Some years ago my wife and I experienced a life-altering moment. It didn’t come in the form of a dramatic event. Instead it came to us in just a few simple words that changed the way we lived our lives.
It started one hot humid August afternoon while we sat on the beach of a family lakeside cottage enjoying the warmth and thinking about our future and what possibilities lay ahead.
“Why don’t we sell our city home and travel for a while.” I said. My wife Judy looked at me as if the heat had affected my judgement. But as we talked further she also became more open to doing something extraordinary.
The following week we put our house up for sale. Four days later it was sold.
Alarmed by this sudden change in our circumstances, I looked at her and admitted, “I was only making conversation!”

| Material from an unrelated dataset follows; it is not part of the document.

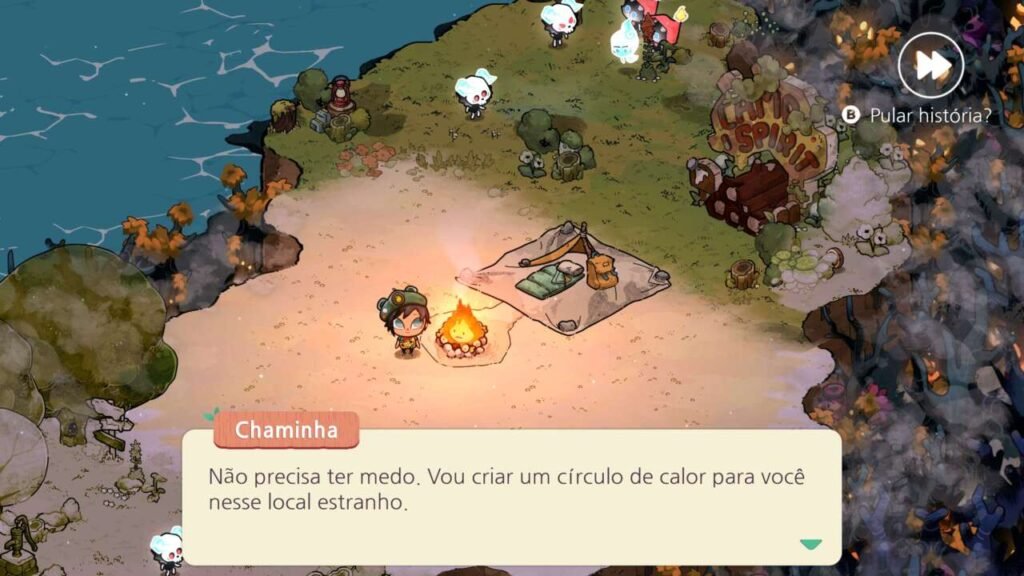 A personagem está em um acampamento conversando com a fogueira.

But the deed was done and in the weeks that followed we began to plan for our adventure on the road. This included calling ahead to friends and colleagues we had met over the years to announce our visit and possible stay with them. But none were calling us back.

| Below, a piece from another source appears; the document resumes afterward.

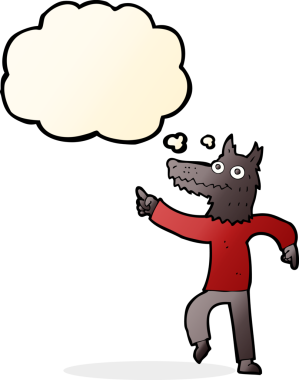 Bir insan tarafından çizilmiş düşünce balonlu bir kurt adam.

As our anxieties about this trip became more obvious to others, one colleague pulled us aside and said, “This is not holiday, it’s the beginning of a new life. But if you want to live into it fully, you’ll have to learn to follow a candle rather than the flashlight.”
We did follow the light of the candle and enjoyed many wonderful and anticipated adventures. After a time we returned home.
After I resumed my work with executives, I would share this story as a powerful metaphor both for a way of living and also as a way of making a distinction between the work of management and the work of leadership.
The ‘flashlight’ world of management lives in abstractions that keep the focus on the status quo. Measurement, efficiency, control, compliance, execution, analysis: that’s the language of management. But the risk is that by shining the flashlight on one thing, we may miss seeing everything else that is hidden around it.
Leadership, on the other hand, is guided by the opaque light of the candle. Through this, what emerges from the shadows are conversations about beauty, place, courage, destiny, culture, stories and a larger unknown.
In the leader’s candlelight world, comprehension is transformed - not through abstract debate or discussion, but from listening, dialogue and our felt experience together.
As we shift our focus from managing to leading, we discover that the counterpoint to abstraction is experience. In the world of candlelight, the role of felt experience is primary. We cannot fully comprehend what we have not first felt in some way. Too often we try to explain a world that we would do better to simply experience and wonder at.
The power of wonder is that it reminds us that when we lead by candlelight there is a part of the world that has not yet been fully accounted for. It connects us to the sense of mystery, awe, possibility and constructive perplexity. This perplexity may actually embody more insight than all the solutions we have at hand. And the learning journey is more important than the arrival as we try to comprehend a world that can never be fully understood.
In contrast, in the world of management the mark of objectivity, abstraction or detachment is to not be moved by anything. This is the goal of debate - to be a detached and immoveable object so that we may maintain our sense of bemusement. In this way we attempt to diminish and demystify in order to reduce the full presence of the other so that they may serve as an object of our influence and persuasion.
In dialogue the essence of the other is essential. It is through their full presence that our subjective experience and ability to flow and blend with the other is possible. The less they are, the less we may become. Ultimately to make meaning visible involves not dominating or yielding to, but engaging with others, so that together we may come to insights that what we cannot see on our own.
In other words truth does not reveal itself through our willful grasping for it - nor from our detachment and objectivity. Instead, it comes from waiting upon and engaging with it, so that the truth can speak to us in some way.
In the flashlight world of debate we try to bend others to our will. In the candlelight world of dialogue we blend with others in order to see a greater whole.
All life is movement, yet when we speak together we don’t think of our communications as a metaphor for movement. Our primary metaphors for movement come from the physical body, from the muscular and skeletal. We try to persuade and convince because we understand the body primarily through images of rigidity and resistance and the interaction between sinews, nerves, bones, density and structure.
But the much larger part of the body is made up of water molecules and connective tissue, this aspect of the body is cellular rather than muscular and it moves in space through a blending of fluid motion rather than through force or effort.
Understanding this aspect of body structure is helpful in thinking about the distinctions between dialogue and debate. The muscular body, which is more individually oriented and transactional, moves in space with greater force of effort than the cellular body.
So in our busy flashlight world, a world in which we have no time, dialogue awakens us to a deeper realm and brings us back to ourselves. It reconnects us to the candlelight experience of faith, revelation, beauty, mystery, harmony, stillness and the joyful experience of time out of time itself.
But most importantly, the candle re-connects us to a world we once knew and may wish to return to again, a place in time that is spacious, slow, complete and whole.